Children’s media use cuddly animals to reinforce ‘racist’ and ‘socially dominant norms,’ researcher says
Sarah Boesveld | 13/06/06
Last Updated: 13/06/06 6:53 PM ET
More than 7,000 academics are gathered in Victoria, B.C., this week for the annual Congress of the Humanities and Social Sciences, presenting papers on everything from the errant lessons of Grey’s Anatomy to Justin Trudeau’s political brand power. In this week-long series, the National Post showcases some of the most interesting research.
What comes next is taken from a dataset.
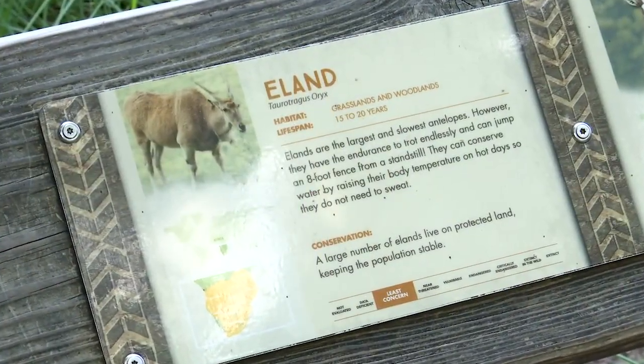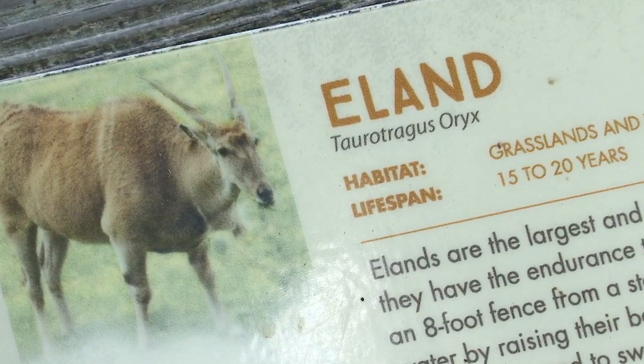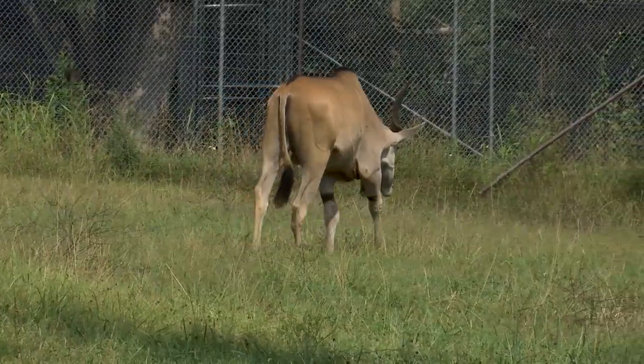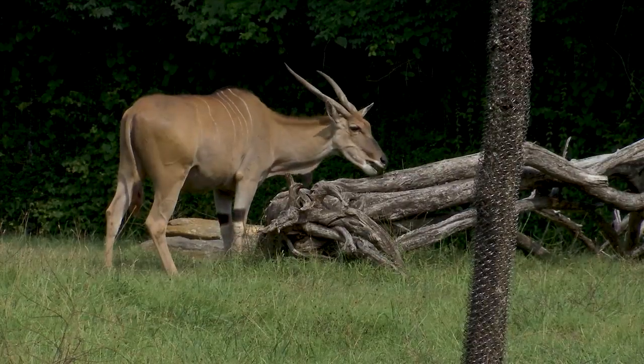Elands are native to the grasslands of southeastern Africa. While they aren't endangered, they are still hunted. Humans use them for food sources — milk as well as their meat — and they can use their skins for leather, so they are considered a valuable asset around the communities.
Parents who read their kids stories about happy, human-like animals like Franklin the Turtle or Arthur at bedtime are exposing their kids to racism, materialism, homophobia and patriarchal norms, according to a paper presented at the Congress of the Humanities and Social Sciences.
Most animals portrayed in children’s books, songs and on clothing send a bad message, according to academics Nora Timmerman and Julia Ostertag: That animals only exist for human use, that humans are better than animals, that animals don’t have their own stories to tell, that it’s fine to “demean” them by cooing over their cuteness. Perhaps worst of all, they say, animals are anthropomorphized to reinforce “socially dominant norms” like nuclear families and gender stereotypes.
Good Lord, just imagine if these fruitcakes discovered Frog and Toad, Dr. Suess and Beatrix Potter!